Но, черт возьми, это было тяжело, и с каждым днем мне хотелось только притянуть ее к себе, убрать волосы с ее лица и прошептать как сильно я люблю ее. Но с Эбигейл я хотел действовать медленно и легко. Наша дружба была крепкой, сильнее всего, что я когда-либо испытывал в жизни. И тот факт, что я любил ее, только еще больше усугублял наши отношения. Хотя она не знала о моих чувствах, но знала, что я умру за нее.

И я готов умирать за нее снова и снова.

Я сел в машину и посмотрел вверх, туда, где, как я знал, было окно ее комнаты общежития. Я мог представить, как она там обустраивается, узнавая свою соседку по комнате немного лучше. Когда я оглядел кампус и увидел всех парней, умников, придурков и красавчиков, во мне поднялся гнев. Я был ревнивым ублюдком, когда дело касалось Эбигейл, и ее время, само ее присутствие было моим… только моим.

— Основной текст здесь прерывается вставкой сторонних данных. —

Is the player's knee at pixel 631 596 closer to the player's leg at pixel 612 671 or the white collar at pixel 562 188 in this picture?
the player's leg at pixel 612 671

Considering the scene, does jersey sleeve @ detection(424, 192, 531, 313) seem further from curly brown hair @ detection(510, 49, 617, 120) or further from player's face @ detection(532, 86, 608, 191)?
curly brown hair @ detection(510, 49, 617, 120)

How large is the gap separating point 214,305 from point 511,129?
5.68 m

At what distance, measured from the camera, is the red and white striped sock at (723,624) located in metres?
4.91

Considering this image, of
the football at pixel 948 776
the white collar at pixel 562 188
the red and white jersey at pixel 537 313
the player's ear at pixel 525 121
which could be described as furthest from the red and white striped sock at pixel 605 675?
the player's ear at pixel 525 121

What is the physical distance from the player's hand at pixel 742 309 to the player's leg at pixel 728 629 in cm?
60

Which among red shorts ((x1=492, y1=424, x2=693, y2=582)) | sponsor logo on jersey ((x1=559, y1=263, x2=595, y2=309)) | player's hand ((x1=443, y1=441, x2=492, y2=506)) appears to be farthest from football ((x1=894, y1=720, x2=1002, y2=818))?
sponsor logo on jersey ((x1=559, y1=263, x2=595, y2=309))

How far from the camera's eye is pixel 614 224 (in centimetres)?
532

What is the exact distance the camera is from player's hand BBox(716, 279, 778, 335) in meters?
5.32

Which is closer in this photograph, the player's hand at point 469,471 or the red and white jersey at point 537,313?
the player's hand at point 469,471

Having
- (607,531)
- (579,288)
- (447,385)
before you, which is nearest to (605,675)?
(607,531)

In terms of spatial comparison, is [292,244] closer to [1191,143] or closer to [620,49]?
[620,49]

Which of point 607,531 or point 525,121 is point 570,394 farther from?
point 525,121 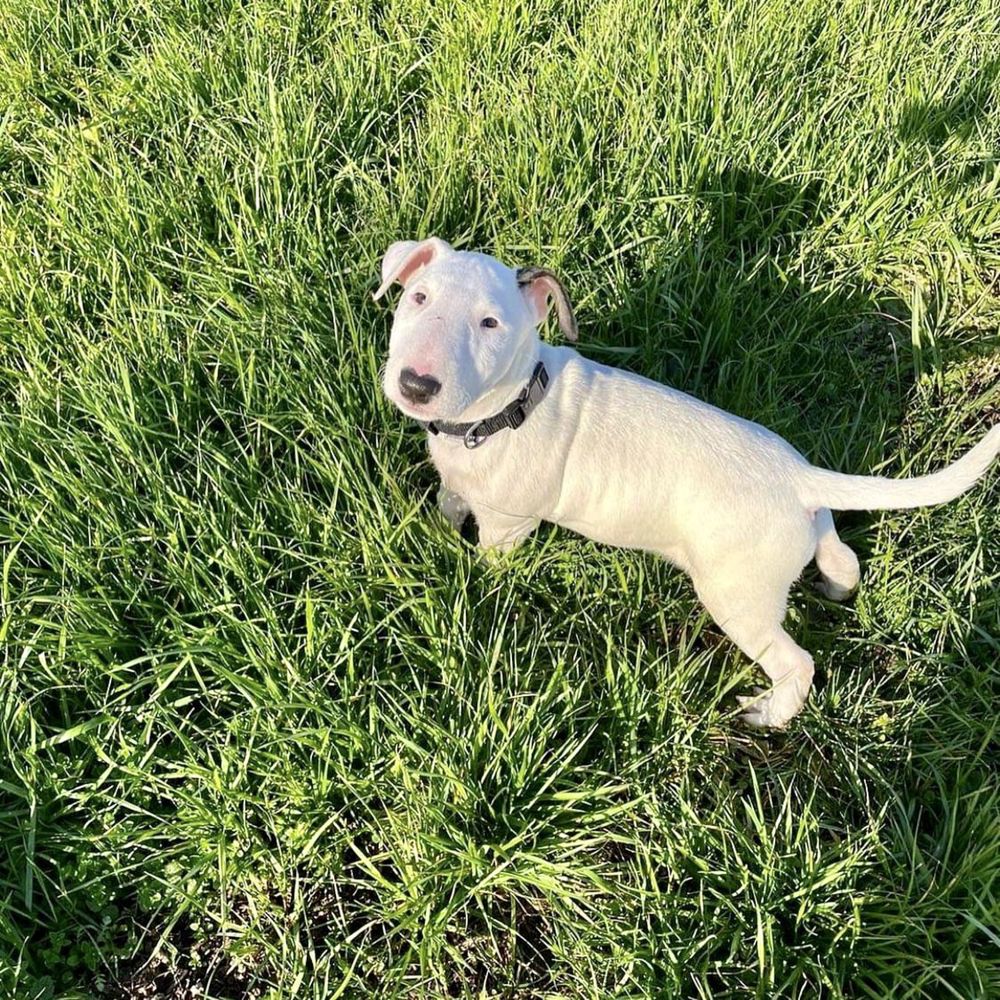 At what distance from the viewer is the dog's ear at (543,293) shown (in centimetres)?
206

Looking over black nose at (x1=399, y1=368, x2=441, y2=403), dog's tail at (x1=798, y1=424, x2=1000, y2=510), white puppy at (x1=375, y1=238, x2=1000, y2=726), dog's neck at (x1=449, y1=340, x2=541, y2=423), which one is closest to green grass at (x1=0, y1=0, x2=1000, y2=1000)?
white puppy at (x1=375, y1=238, x2=1000, y2=726)

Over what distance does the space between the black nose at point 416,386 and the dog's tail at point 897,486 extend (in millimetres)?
1084

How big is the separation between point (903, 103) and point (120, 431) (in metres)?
3.61

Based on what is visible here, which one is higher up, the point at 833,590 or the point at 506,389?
A: the point at 506,389

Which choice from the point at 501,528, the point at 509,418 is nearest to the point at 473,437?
the point at 509,418

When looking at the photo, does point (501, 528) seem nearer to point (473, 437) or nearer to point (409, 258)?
point (473, 437)

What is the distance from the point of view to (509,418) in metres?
2.13

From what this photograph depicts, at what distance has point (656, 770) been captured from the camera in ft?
7.06

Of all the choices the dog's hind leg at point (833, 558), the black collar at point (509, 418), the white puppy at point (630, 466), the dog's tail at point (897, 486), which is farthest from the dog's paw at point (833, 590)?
the black collar at point (509, 418)

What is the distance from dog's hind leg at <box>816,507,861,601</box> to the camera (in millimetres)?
2295

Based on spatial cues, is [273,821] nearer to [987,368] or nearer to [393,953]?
[393,953]

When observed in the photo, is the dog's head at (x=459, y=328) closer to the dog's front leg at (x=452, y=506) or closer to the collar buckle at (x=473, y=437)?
the collar buckle at (x=473, y=437)

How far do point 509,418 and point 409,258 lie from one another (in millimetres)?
523

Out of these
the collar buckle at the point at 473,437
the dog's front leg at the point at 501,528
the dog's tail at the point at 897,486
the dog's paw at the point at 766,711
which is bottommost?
the dog's paw at the point at 766,711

Меня приводила в ярость даже мысль о том, что она проведет какое-то время с одним из этих маленьких ублюдков. Сама мысль о том, что она даже сидит рядом с другим парнем, о том, как этот придурок смотрит на нее и понимает, насколько она уязвима и невинна, заставила меня крепко сжать руки вокруг руля. Кожа скрипнула, и я ослабил хватку, откинув голову на сиденье и тяжело выдохнул.

Я не знал, как долго смогу сдерживать свои чувства, особенно сейчас, когда она учится в колледже. По крайней мере, в старшей школе мы виделись каждый день, целый день. Я мог держать всех этих маленьких придурков подальше, потому что правда в том, что у парней на уме было одно, и я чертовски хорошо знал, что в колледже все было по-другому.

Я направился домой, имея достаточно времени, чтобы переодеться, прежде чем мне придется идти в автомастерскую. На пороге моего дома стоял небольшой пакет, и после того, как я взял его и направился внутрь, то положил его на кухонную стойку и открыл. Внутри был пакет, который я заказал, с изготовленными на заказ сахарными сердечками (прим. влюбленные (так же известные как разговорные сердечки) — это маленькие сахарные конфеты в форме сердца, которые продаются ко Дню Святого Валентина), на которых были написаны небольшие фразы личного и интимного характера, которые я придумал специально для Эбигейл.

Я не был сентиментальным и романтичным парнем, но когда дело касалось этой девушки, я хотел быть тем мужчиной, который дарит ей шоколад и цветы, который усыпает пол лепестками роз, чтобы ее босые ноги могли почувствовать, насколько мягкими они были. И я ломал голову, как сказать ей, что люблю ее. В то время, когда мы сидим на диване с коробкой пиццы перед нами… казалось совершенно неуместным, даже если это было одно из наших любимых занятий.

Она заслуживала большего.

И, возможно, выражать свои чувства к ней с помощью этих конфет было чертовски банально, но я знал, что ей это понравится. Я надеялся, что она все равно это сделает.

Я вынул пакет и поставил его возле микроволновой печи, зная, что мне нужно выяснить, когда я собираюсь все это реализовать. Возможно, в День Святого Валентина. Это кажется романтичным, правда?

Я ни черта не знал об этих вещах и о том, что нравится женщинам. Я знал Эбигейл так же, как знал себя, но это был совершенно другой уровень, который мне был незнаком.

Я провел рукой по лицу и прислонился к стойке, глядя на маленькую черную коробочку, которую хранил на книжной полке. Я взял ее, подошел к дивану и сел.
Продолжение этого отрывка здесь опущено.